Another added, “My earliest relationships, I’ve deleted all. Most recently, I only keep one, but none of us kissing in my camera roll just to respect my future partner.”
However, most of the responses fell somewhere in the middle.
“I deleted a lot of them, but also we did a lot of cool stuff and went a lot of places, so I kept some for sure!” someone wrote.
“I’m not deleting my whole life. Camera roll included,” another said. “Goes into a vault to hide, but I still want to see my life in pictures when I’m old! I think it’s crazy!”
“Archive is an option,” a third person added. “They don’t need to be gone forever, but when you decide to date again, future partners and their family shouldn’t have to see that stuff.”
However, one individual seemed to have no shame about their past—and zero intention to hide any of it.
“My past relationships reflect the life I’ve lived,” the person wrote. “No regrets, no filter. If the new girl has a problem with that, we should do more fun things and take our own photos. Write the new chapter.”
This is a personal decision, and there’s really no right or wrong. If you want to keep some photos to look back on when you’re older, I see nothing wrong with that.
However, if a relationship was abusive or ended in a form of betrayal, it’s natural to want to delete all evidence it ever existed.

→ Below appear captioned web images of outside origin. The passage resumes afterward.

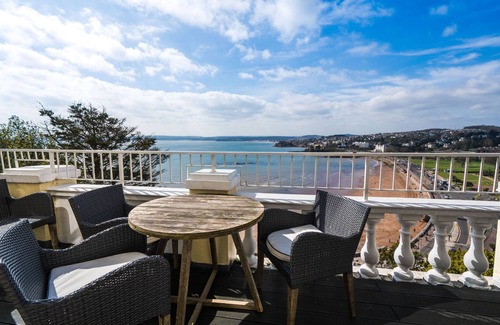 Torquay City Centre Cottage | 8 Astor House - premier one bed apartment with stunning uninterrupted sea views and balcony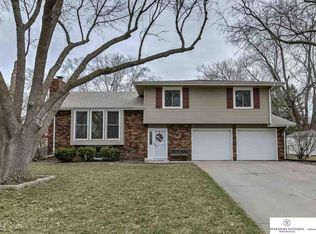 1025 S 216th St, Elkhorn, NE 68022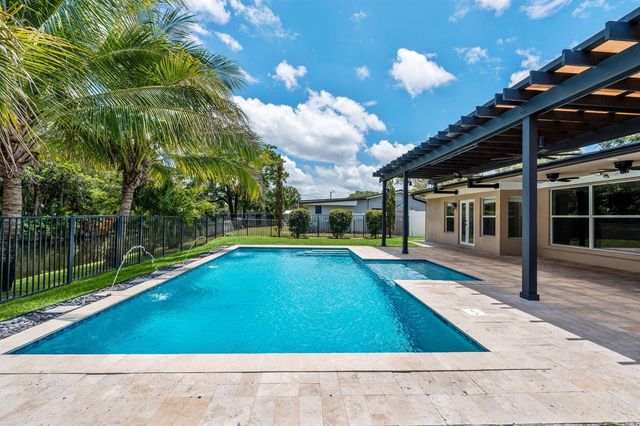 9200 SW 51st Place, Cooper City, FL 33328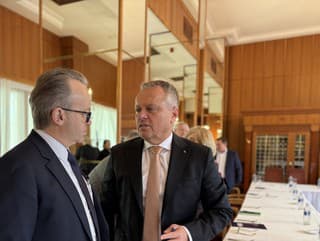 NKÚ aj zamestnávatelia bijú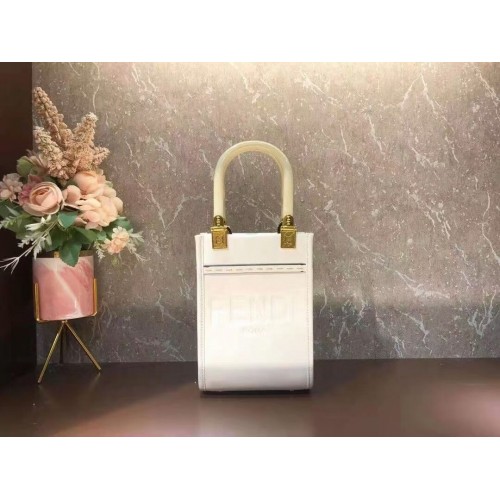 Кожена мини чанта FENDI MINI SUNSHINE SHOPPER 8BS051ABV бежова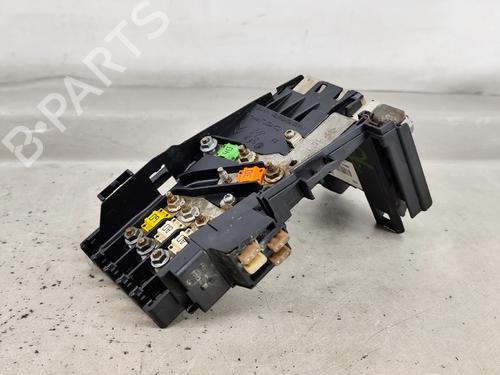 Fuse box PEUGEOT 5008 (0U_, 0E_) 1.6 HDi | BP28315681E1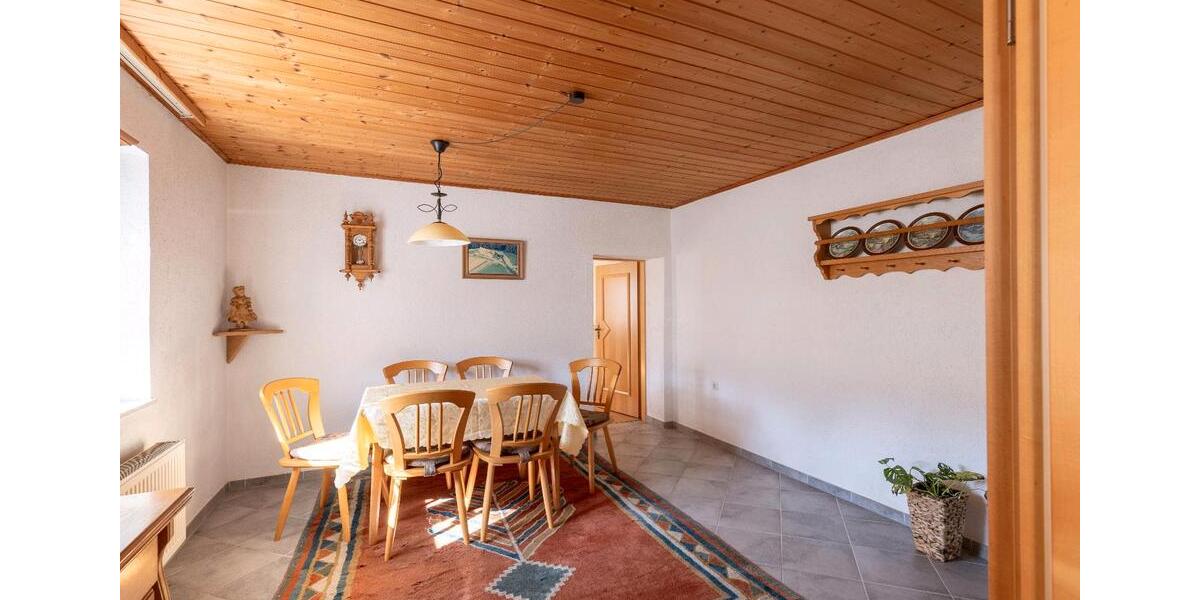 Mehrfamilienhaus, Wohnhaus Hutthurm - 12 Zimmer, 240 m&sup2;, 359.000&euro; | Angebot:26317026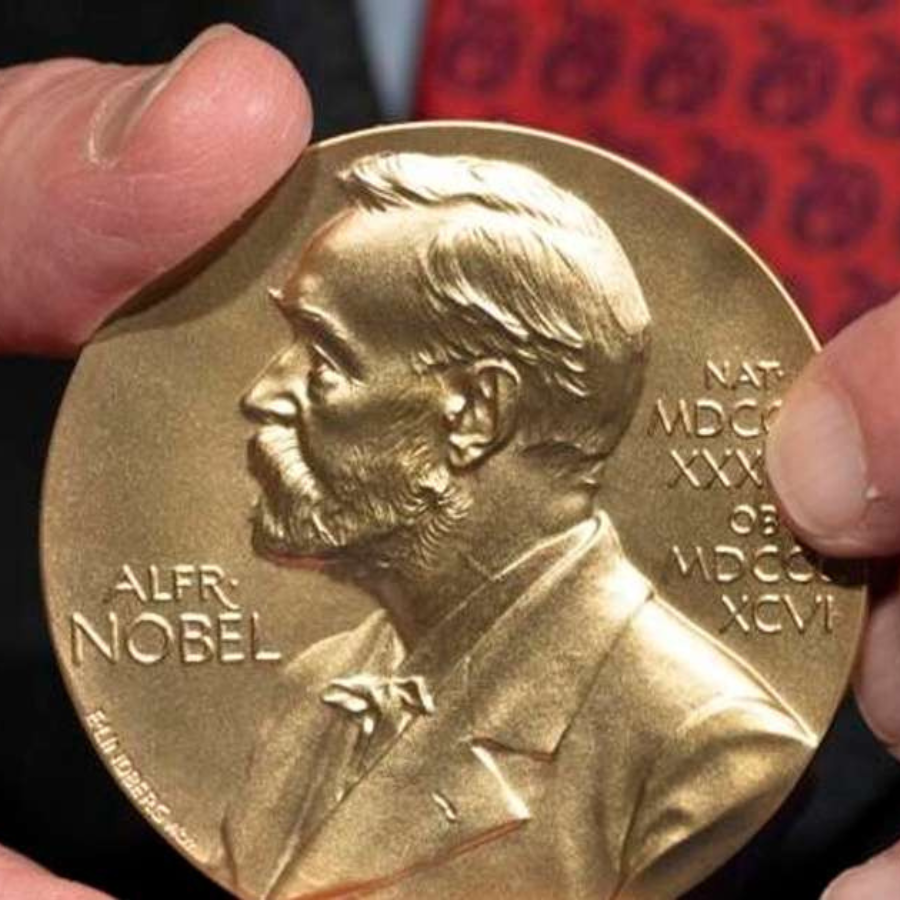 <p>Nobela medicīnas prēmija pie&scaron;ķirta trim zinātniekiem par imūnsistēmas kontroles pētījumiem</p>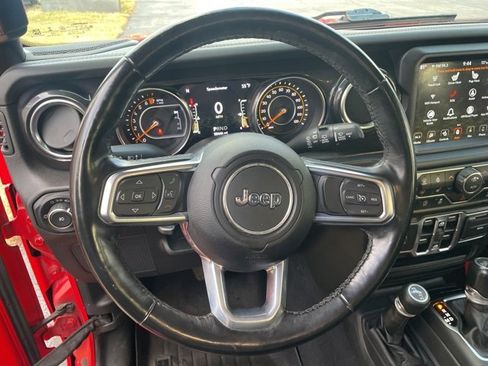 Used 2020 Jeep Wrangler Unlimited Sahara image 15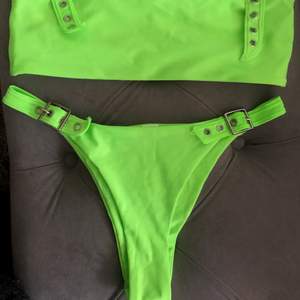 Super cool grön bikini med coola detaljer, aldrig använt. Köparen står för frakten 💕 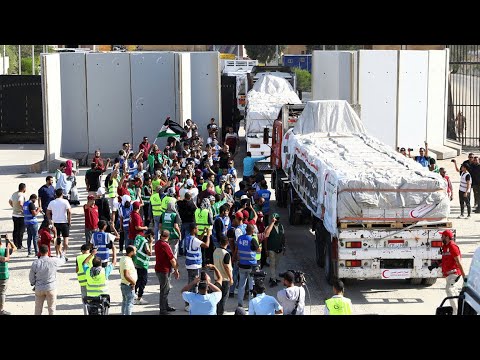 Сотни грузовиков с продуктами прибыли в сектор Газа через КПП «Рафах» в Египте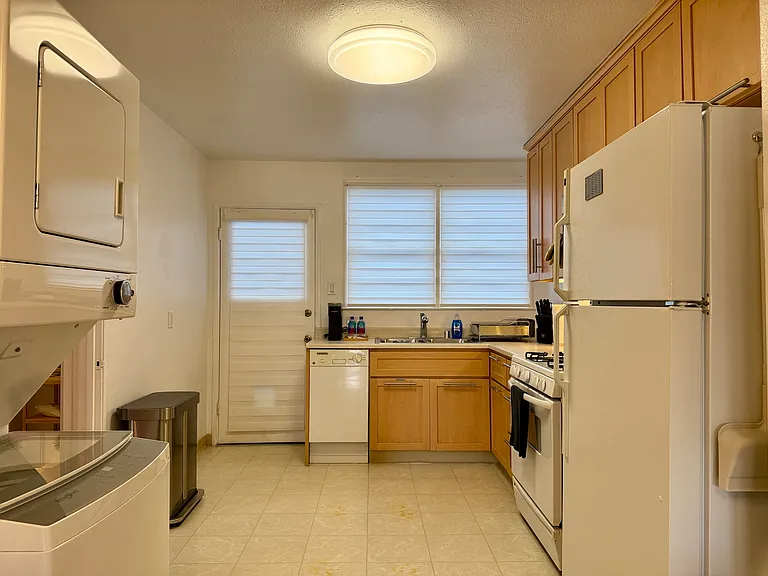 6131 Burlingame Ave — Photo 11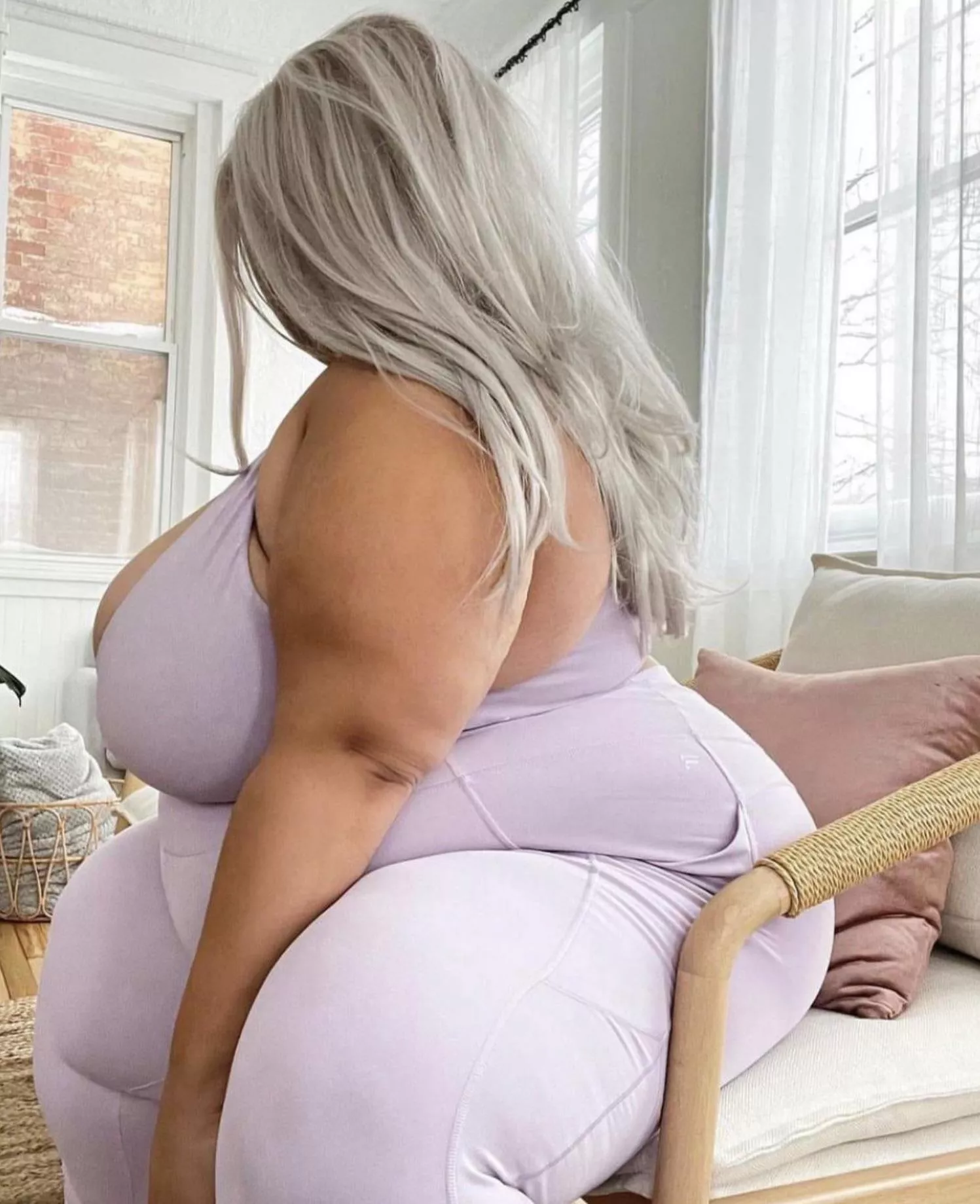 Lilac daydreams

To determine whether you should keep photos of your ex, KATE recommended asking yourself the following questions:
- “Do these images bring back happy memories, sad ones, or am I indifferent?”
- “If my partner saw these pictures, would I feel the need to explain or justify them?”
- “Am I holding on because I’m not fully over that chapter, or just because I haven’t thought to delete them?”
Your responses to these questions will tell you a lot about your intentions behind keeping or deleting the photos. However, the choice is ultimately yours.